Sports writer Grantland Rice said of Gipp:

"I first saw Gipp play for Notre Dame against the Army, where both had great teams, In that game Gipp's all around play, his passing, his kicking and ball carrying was about as fine as anything I have ever seen on a football field. He had a dash and a slash as I have seldom seen since, and never surpassed. After the game I asked Coach John McEwan of the Army what he thought of Gipp as a football player. 'A football player?' McEwan said, 'he's no football player, he's a runaway horse.' George Gipp as a football player must always be listed as one of the greatest backs of all time."

Star Calumet athlete and Michigan State Baseball Coach, Lyman Frimodig said:

"The memorial to George Gipp will undoubtedly do in a small measure what he would have accomplished so abundantly if he had lived. The memorial will inspire boys (and girls) to make the most of the abilities which they have and to believe that their efforts will be a boon to themselves and a pleasure to others."

Quotes from Knute Rockne about Gipp taken from his writings.

"I felt the thrill that comes to every coach when he knows it is his fate and his responsibility to handle unusual greatness --the perfect performer who comes rarely more than once in a generation."

"Gipp was one of the greatest. His kind comes once in every college generation. He was fast enough to run the ends, had enough weight to plunge the line and was a great defensive player. Because of his speed, he could sweep out wider than the ends and charge in at a play that attempted to cut back."

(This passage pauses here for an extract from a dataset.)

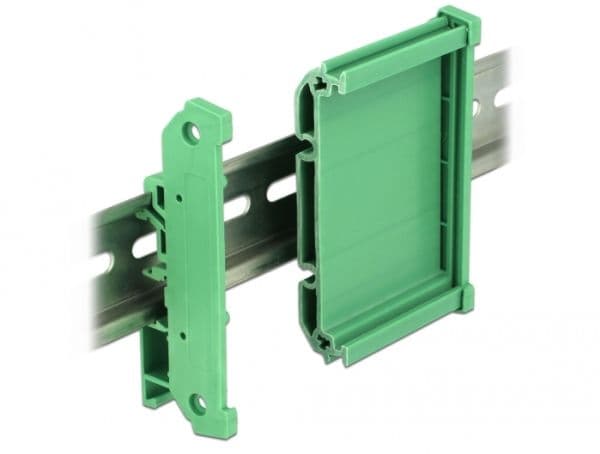 DeLOCK 65987, Plast, Grønn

"1 don't think I ever saw Gipp blocked out of a play entirely. In carrying the ball, he used every ounce of his weight. When the opposing tackle grabbed him he knew he had 180 pounds of lightning to haul down. Unlike many great running backs, Gipp was one of the greatest drop kickers I have ever seen. In his first year against Western Reserve he booted a 62-yard drop kick. He was a sure fire three points inside the 40 yard line."

"It seems to me that anything Gipp made up his mind to do he could do better than anyone else. It wasn't necessary for him to have background or much preliminary work in any spot to get the hang of it. You did not have to tell him more than once what was the thing to do before he was doing it correctly. More often than not he did the correct thing as if instinctively."

Four Horseman and ND Head Football Coach, Elmer Layden said:

"We on the campus look upon George Gipp as the greatest football player ever turned out at Notre Dame, one whose ability has been surpassed if at all by few cleated warriors since the game was introduced in this country. Gipp is hallowed in the minds and hearts of every Notre Dame man and more than once it's been the memory of ‘Gipper' that pulled a slipping Rockne machine together to take the gridiron on the short-end of the score in the second half only to turn apparent defeat into victory."